The annual Christmas pageant (for my American friends think: Macey’s parade without the giant balloons) is over for another year. The bands have hung up their tubas and bagpipes, the clowns are probably still wiping off the make-up, the fairies have gone to twinkle elsewhere, the weird giant toys are back in the warehouse and Father Christmas is safely ensconced in the Magic Cave.
There will be reminders in the city streets for a few days yet. For example, all the lovely chalk drawings on the roads, made by children who arrived at their vantage point about three hours before the parade started and had ‘nothing to doooooo’. And, the magic blue line that no one ever goes over while the parade is on, and which doesn’t need any policing: people just know what to do.
I’ve only ever attended a couple of pageants, as my family was the stay-home-and-watch-it-on-television kind. I assume my father’s thinking was: I’ve gone to the expense of having one of these newfangled television sets in my home so, by jingo, we’re not going to waste it by ignoring the telecast it has so cleverly provided, just to attend the real thing.
I clearly remember the first time I saw it. The day before the pageant I was playing with one of the girls from church. She said her family were going in and the girls were going to ride in the back of a ute (USA=pick-up truck). That was back in the day when we didn’t protect our kids with seat belts. I said I’d never been and, before I knew it, she’d talked her mum into letting me come along. I went home in a daze, still not sure how that had all happened.
We had a great time. There were three things that deeply impressed me. 1)Nipper and Nimble, the two giant rocking horses (oh how I longed to ride the white one!). 2)The Scotty bands. Bagpipes on mass, up close, were the most spine-tingling, electrifying things I’d ever heard in my life. They impressed me far more than Father Christmas, who looked rather red-faced (it was a hot day) and his hair didn’t look normal. 3)Riding in the back of the ute, the wind whipping through my hair, while I clung to the side terrified I’d fall out. It was brilliant.
Then instead of taking me home, the family went up into the hills to visit with another family. I think they might have been relatives. I had a great time with my friend, looking for fairies in the bottom of the garden, while the parents had a cup of tea inside. Then, I went into the house to find a toilet and I overheard the grown-ups talking. The lady of the hills house asked my friends’ mum what I was doing with them. Mrs C said, “She wheedled her way into getting an invitation, now we’re stuck with her until this afternoon. I’m sorry.”
The light and shiny joy was sucked out of my day. I couldn’t eat any of the lunch. I felt that I didn’t deserve to have any, seeing as I wasn’t supposed to be there. I wasn’t comfortable playing at my friend’s house any more and the friendship waned. The following year, when I was invited by someone else to go to the pageant, I said, “No thanks. I’d rather watch it on TV.” My father positively beamed. It wasn’t until many years later that I finally went to another one and kicked myself for missing out on all the fun.

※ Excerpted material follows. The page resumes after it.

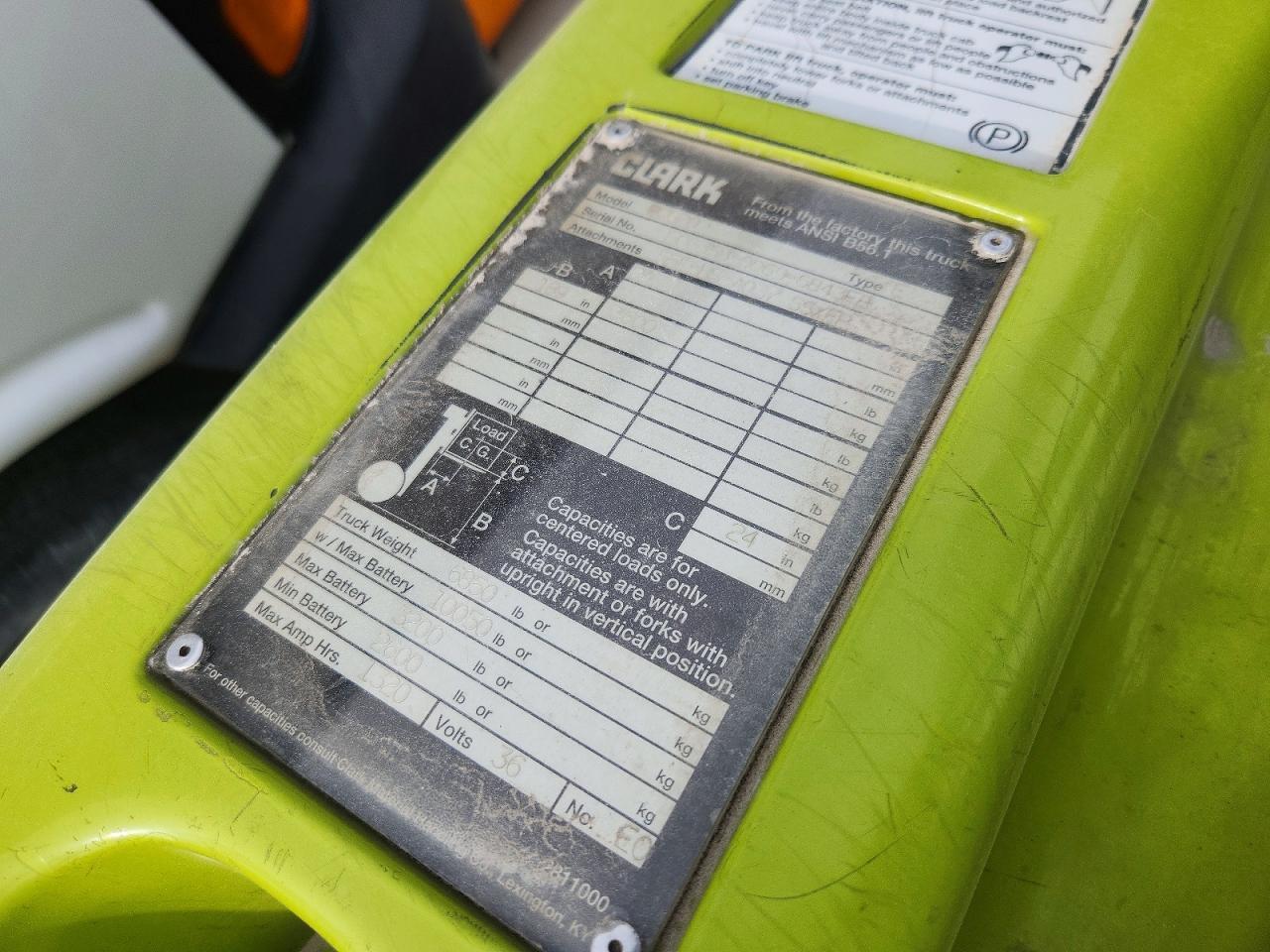 1999 Clark Forklift Forklift Industrial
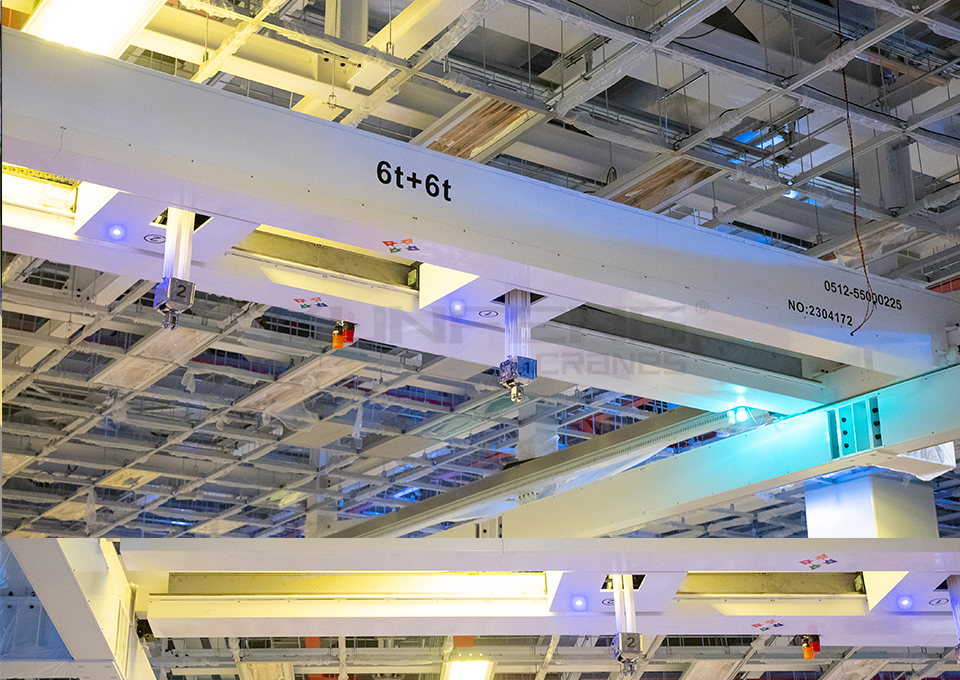 微米级定位洁净起重机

For those who took their children, or grandchildren, this year, I hope you had a brilliantly happy, magical day. Don’t let anyone steal the light and shiny joy out of your hearts.
Hi Wendy,
So sad to hear about your experience that first time you attended. If adults knew what devastation their careless words and actions cause in the lives of children, they’d be far more careful, even those times when they don’t know they’re being overheard.
As for the pageant, I agree with you. I was mentioning to the family this morning that I always consider it permission to begin the Christmas season.
Thanks, Paula. The magic of the actual pageant remained, I just felt bad because I was an unwanted extra. The woman involved was a good friend of my mother’s and she remained in our lives for many decades afterwards. I liked her and soon felt reasonably comfortable around her again, but I never picked up the friendship with her daughter. Perhaps, deep down, I blamed the daughter and assumed she’d told her mother I’d asked to go. Who knows? I thought it was water under the bridge but, no, there it was lurking in my memory like a bad smell. So…sometimes we have to re-forgive.